**Data shown**
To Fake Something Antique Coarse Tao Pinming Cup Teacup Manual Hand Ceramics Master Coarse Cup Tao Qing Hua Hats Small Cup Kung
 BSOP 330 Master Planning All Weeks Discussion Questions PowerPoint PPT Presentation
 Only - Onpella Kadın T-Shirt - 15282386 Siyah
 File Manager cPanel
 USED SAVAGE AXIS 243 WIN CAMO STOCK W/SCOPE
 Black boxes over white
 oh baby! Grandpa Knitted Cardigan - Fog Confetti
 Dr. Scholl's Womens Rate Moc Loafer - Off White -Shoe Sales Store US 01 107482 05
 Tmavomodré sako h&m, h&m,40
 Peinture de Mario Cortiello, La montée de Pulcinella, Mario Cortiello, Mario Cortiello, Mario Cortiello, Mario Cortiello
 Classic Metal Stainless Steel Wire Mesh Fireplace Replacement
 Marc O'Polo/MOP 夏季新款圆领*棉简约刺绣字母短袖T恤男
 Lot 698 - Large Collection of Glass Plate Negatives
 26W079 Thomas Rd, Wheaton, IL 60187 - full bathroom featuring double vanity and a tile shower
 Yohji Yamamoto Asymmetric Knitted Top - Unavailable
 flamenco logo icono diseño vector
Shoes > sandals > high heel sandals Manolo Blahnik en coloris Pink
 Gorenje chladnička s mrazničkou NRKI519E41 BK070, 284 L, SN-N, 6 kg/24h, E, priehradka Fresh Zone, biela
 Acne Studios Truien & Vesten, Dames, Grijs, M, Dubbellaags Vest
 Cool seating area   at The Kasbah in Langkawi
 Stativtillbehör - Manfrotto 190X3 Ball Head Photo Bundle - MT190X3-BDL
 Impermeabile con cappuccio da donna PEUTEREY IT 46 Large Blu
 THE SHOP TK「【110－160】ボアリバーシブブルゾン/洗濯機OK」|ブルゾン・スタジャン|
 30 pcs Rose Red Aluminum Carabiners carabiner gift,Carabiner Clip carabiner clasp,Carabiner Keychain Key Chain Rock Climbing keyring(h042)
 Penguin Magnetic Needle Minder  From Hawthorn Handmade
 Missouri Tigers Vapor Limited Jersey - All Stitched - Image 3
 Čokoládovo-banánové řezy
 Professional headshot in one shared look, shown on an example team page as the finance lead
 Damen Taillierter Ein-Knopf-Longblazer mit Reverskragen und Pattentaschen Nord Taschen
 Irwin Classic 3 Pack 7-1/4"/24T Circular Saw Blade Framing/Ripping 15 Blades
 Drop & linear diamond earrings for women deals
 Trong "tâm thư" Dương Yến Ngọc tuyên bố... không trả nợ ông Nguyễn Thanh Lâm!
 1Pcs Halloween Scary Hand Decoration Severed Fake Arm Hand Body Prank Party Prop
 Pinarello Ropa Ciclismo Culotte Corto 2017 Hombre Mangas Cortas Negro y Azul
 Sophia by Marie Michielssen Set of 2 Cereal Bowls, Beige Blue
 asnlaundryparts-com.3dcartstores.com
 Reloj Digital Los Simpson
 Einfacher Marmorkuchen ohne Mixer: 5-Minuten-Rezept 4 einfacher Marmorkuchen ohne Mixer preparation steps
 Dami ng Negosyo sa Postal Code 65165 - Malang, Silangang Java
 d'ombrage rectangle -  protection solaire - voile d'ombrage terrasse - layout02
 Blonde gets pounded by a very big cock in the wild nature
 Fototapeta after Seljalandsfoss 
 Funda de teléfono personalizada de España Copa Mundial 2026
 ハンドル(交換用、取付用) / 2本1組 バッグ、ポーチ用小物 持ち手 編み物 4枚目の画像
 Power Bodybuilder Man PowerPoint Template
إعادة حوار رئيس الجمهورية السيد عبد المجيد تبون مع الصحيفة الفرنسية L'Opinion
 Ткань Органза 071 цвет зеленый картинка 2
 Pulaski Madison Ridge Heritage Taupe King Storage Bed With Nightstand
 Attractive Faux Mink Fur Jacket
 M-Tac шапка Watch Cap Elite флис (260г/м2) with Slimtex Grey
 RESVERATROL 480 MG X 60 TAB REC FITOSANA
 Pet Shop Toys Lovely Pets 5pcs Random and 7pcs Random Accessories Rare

**Exercise**
Reproduce every line of the material exactly.

**Written reply**
To Fake Something Antique Coarse Tao Pinming Cup Teacup Manual Hand Ceramics Master Coarse Cup Tao Qing Hua Hats Small Cup Kung
 BSOP 330 Master Planning All Weeks Discussion Questions PowerPoint PPT Presentation
 Only - Onpella Kadın T-Shirt - 15282386 Siyah
 File Manager cPanel
 USED SAVAGE AXIS 243 WIN CAMO STOCK W/SCOPE
 Black boxes over white
 oh baby! Grandpa Knitted Cardigan - Fog Confetti
 Dr. Scholl's Womens Rate Moc Loafer - Off White -Shoe Sales Store US 01 107482 05
 Tmavomodré sako h&m, h&m,40
 Peinture de Mario Cortiello, La montée de Pulcinella, Mario Cortiello, Mario Cortiello, Mario Cortiello, Mario Cortiello
 Classic Metal Stainless Steel Wire Mesh Fireplace Replacement
 Marc O'Polo/MOP 夏季新款圆领*棉简约刺绣字母短袖T恤男
 Lot 698 - Large Collection of Glass Plate Negatives
 26W079 Thomas Rd, Wheaton, IL 60187 - full bathroom featuring double vanity and a tile shower
 Yohji Yamamoto Asymmetric Knitted Top - Unavailable
 flamenco logo icono diseño vector
Shoes > sandals > high heel sandals Manolo Blahnik en coloris Pink
 Gorenje chladnička s mrazničkou NRKI519E41 BK070, 284 L, SN-N, 6 kg/24h, E, priehradka Fresh Zone, biela
 Acne Studios Truien & Vesten, Dames, Grijs, M, Dubbellaags Vest
 Cool seating area   at The Kasbah in Langkawi
 Stativtillbehör - Manfrotto 190X3 Ball Head Photo Bundle - MT190X3-BDL
 Impermeabile con cappuccio da donna PEUTEREY IT 46 Large Blu
 THE SHOP TK「【110－160】ボアリバーシブブルゾン/洗濯機OK」|ブルゾン・スタジャン|
 30 pcs Rose Red Aluminum Carabiners carabiner gift,Carabiner Clip carabiner clasp,Carabiner Keychain Key Chain Rock Climbing keyring(h042)
 Penguin Magnetic Needle Minder  From Hawthorn Handmade
 Missouri Tigers Vapor Limited Jersey - All Stitched - Image 3
 Čokoládovo-banánové řezy
 Professional headshot in one shared look, shown on an example team page as the finance lead
 Damen Taillierter Ein-Knopf-Longblazer mit Reverskragen und Pattentaschen Nord Taschen
 Irwin Classic 3 Pack 7-1/4"/24T Circular Saw Blade Framing/Ripping 15 Blades
 Drop & linear diamond earrings for women deals
 Trong "tâm thư" Dương Yến Ngọc tuyên bố... không trả nợ ông Nguyễn Thanh Lâm!
 1Pcs Halloween Scary Hand Decoration Severed Fake Arm Hand Body Prank Party Prop
 Pinarello Ropa Ciclismo Culotte Corto 2017 Hombre Mangas Cortas Negro y Azul
 Sophia by Marie Michielssen Set of 2 Cereal Bowls, Beige Blue
 asnlaundryparts-com.3dcartstores.com
 Reloj Digital Los Simpson
 Einfacher Marmorkuchen ohne Mixer: 5-Minuten-Rezept 4 einfacher Marmorkuchen ohne Mixer preparation steps
 Dami ng Negosyo sa Postal Code 65165 - Malang, Silangang Java
 d'ombrage rectangle -  protection solaire - voile d'ombrage terrasse - layout02
 Blonde gets pounded by a very big cock in the wild nature
 Fototapeta after Seljalandsfoss 
 Funda de teléfono personalizada de España Copa Mundial 2026
 ハンドル(交換用、取付用) / 2本1組 バッグ、ポーチ用小物 持ち手 編み物 4枚目の画像
 Power Bodybuilder Man PowerPoint Template
إعادة حوار رئيس الجمهورية السيد عبد المجيد تبون مع الصحيفة الفرنسية L'Opinion
 Ткань Органза 071 цвет зеленый картинка 2
 Pulaski Madison Ridge Heritage Taupe King Storage Bed With Nightstand
 Attractive Faux Mink Fur Jacket
 M-Tac шапка Watch Cap Elite флис (260г/м2) with Slimtex Grey
 RESVERATROL 480 MG X 60 TAB REC FITOSANA
 Pet Shop Toys Lovely Pets 5pcs Random and 7pcs Random Accessories Rare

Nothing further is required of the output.